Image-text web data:

*****

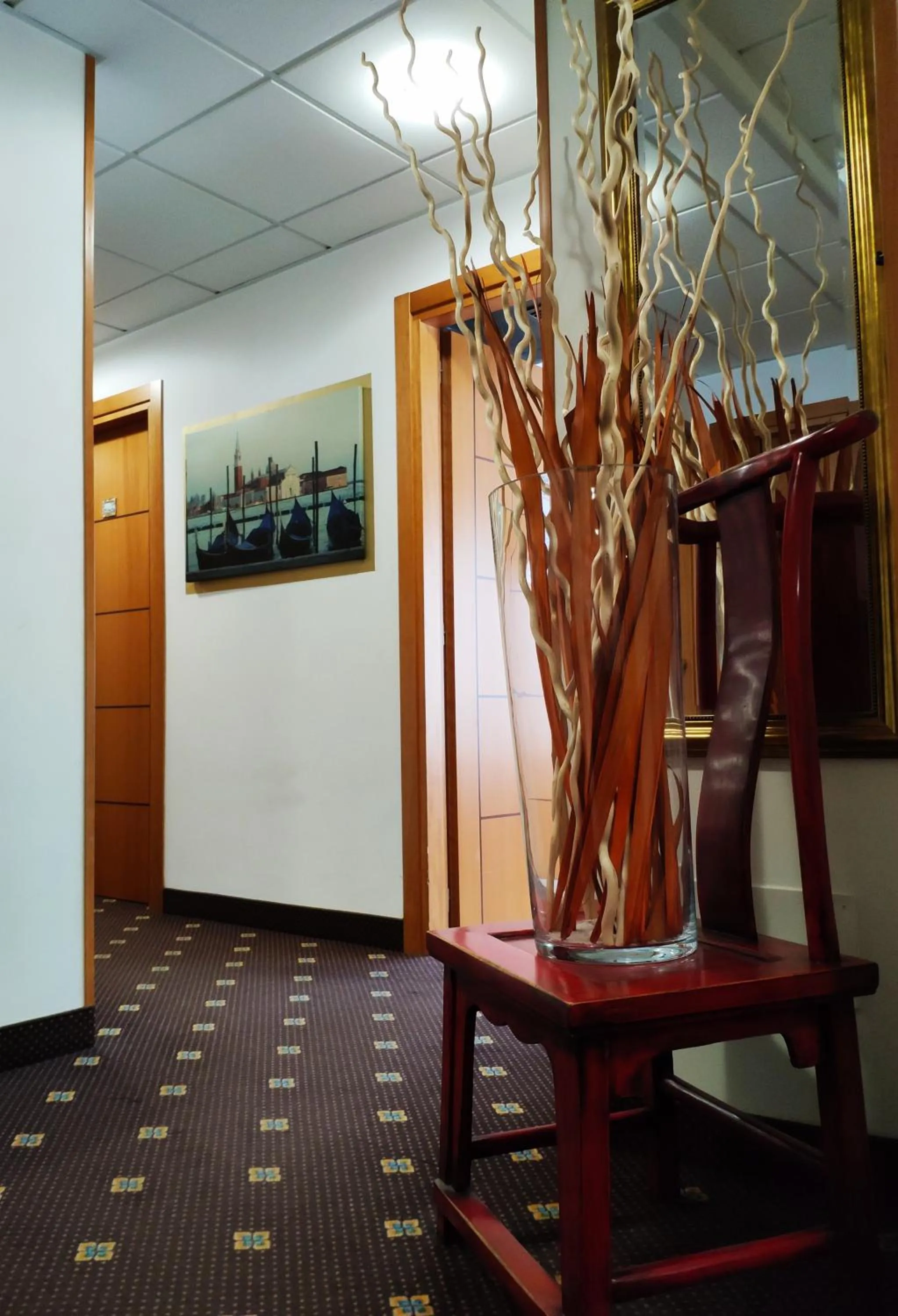 Decorative detail in Hotel Feel Inn Venice Airport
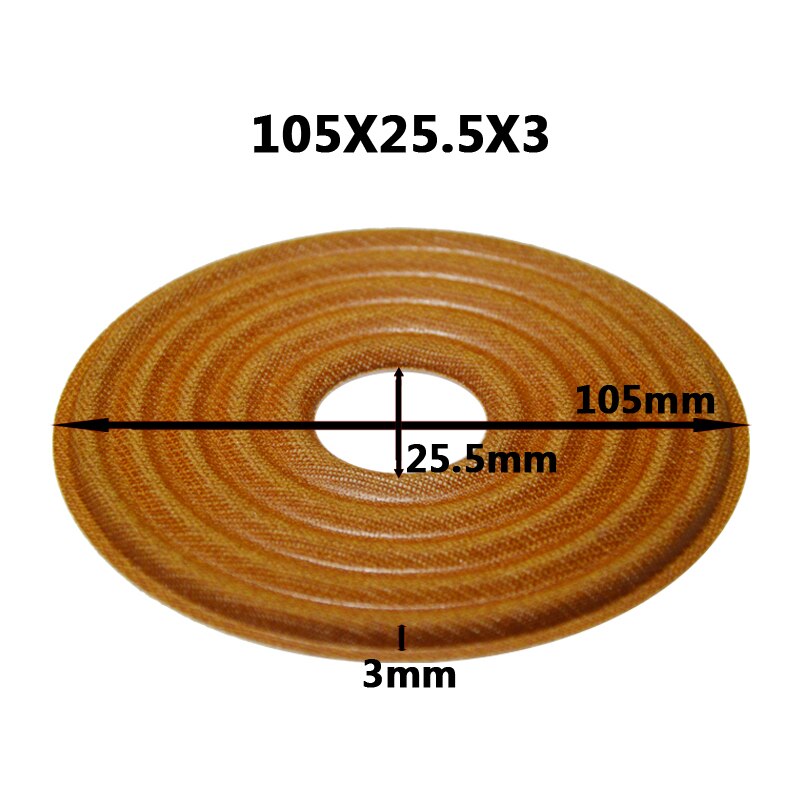 2pcs 102x25.5/103x25.5/103x35.5/105x25.5mm Elastic Wave Loudspeaker Subwoofer Woofer Bass Speaker Repair Spider Damper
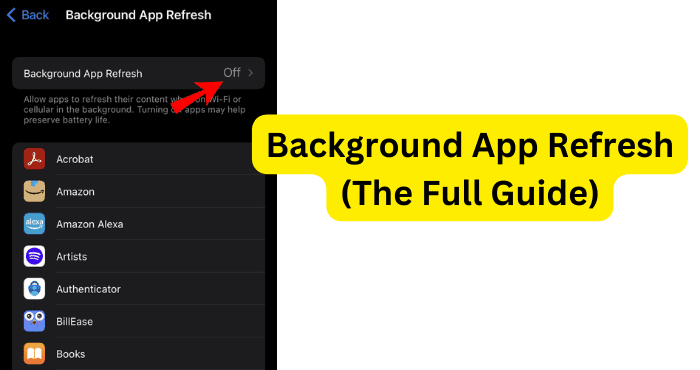 Background App Refresh (The Full Guide) - Techzillo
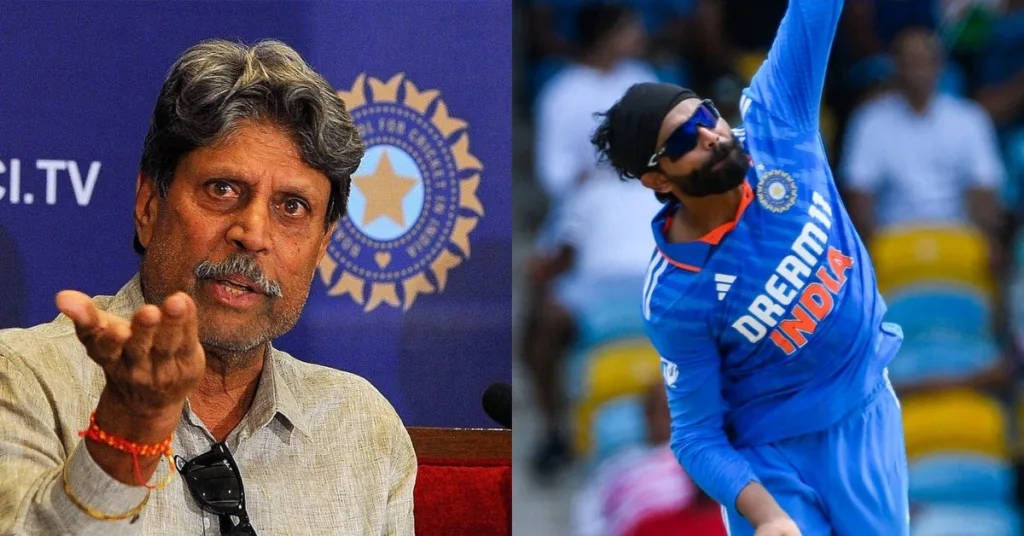 Ravindra Jadeja gives a comeback reply to Kapil dev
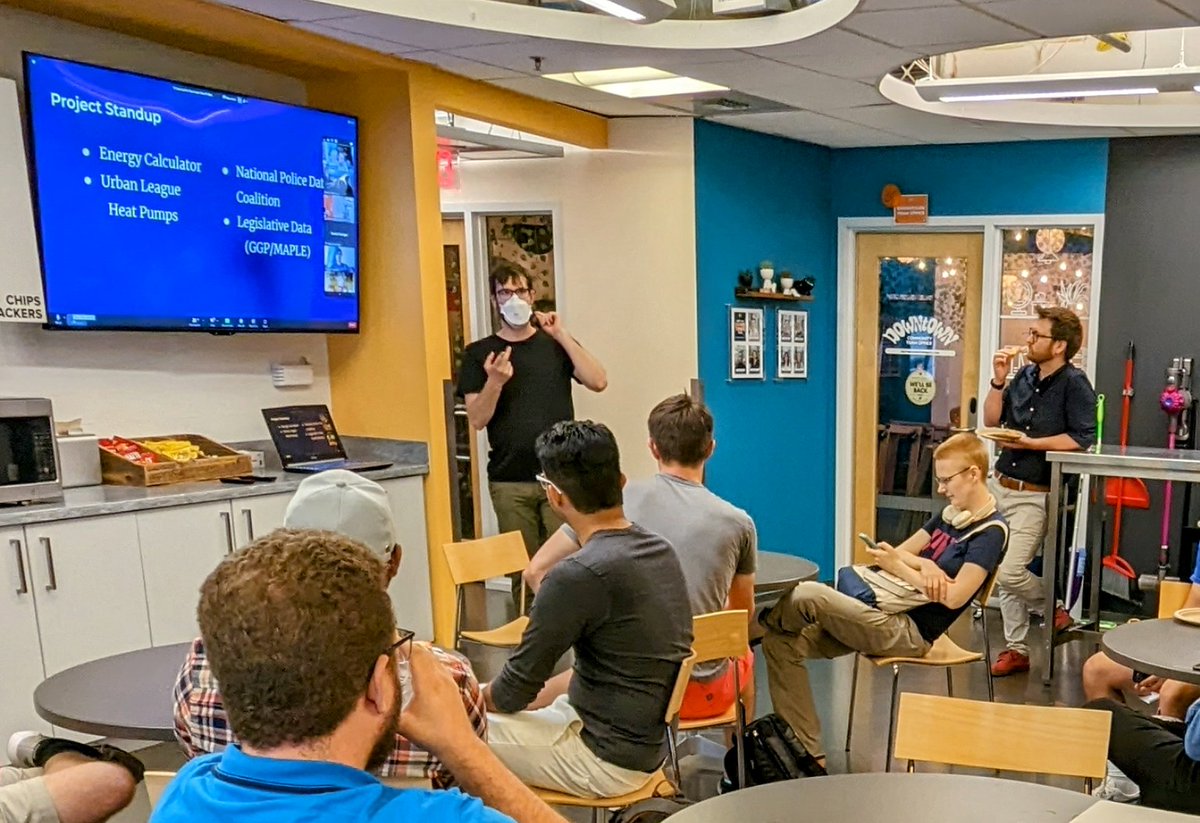 CodeForBoston's tweet image. ℹ️ Weekly hack nights include updates on current projects and opportunities to contribute to them! @MapleTestimony recently had a launch last month at @Northeastern and is still looking for volunteers for a variety of roles. Register for more info! 🔗 codeforboston.org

*****

TASK OBJECTIVE => Copy exactly the lines of the entries above from the one containing "2pcs 102x25.5/103x25.5/103x35.5/105x25.5mm Elastic" through the one containing "Ravindra Jadeja gives". Both end lines count; pictures do not.

SOLUTION TO THE EXERCISE =>
 2pcs 102x25.5/103x25.5/103x35.5/105x25.5mm Elastic Wave Loudspeaker Subwoofer Woofer Bass Speaker Repair Spider Damper
 Background App Refresh (The Full Guide) - Techzillo
 Ravindra Jadeja gives a comeback reply to Kapil dev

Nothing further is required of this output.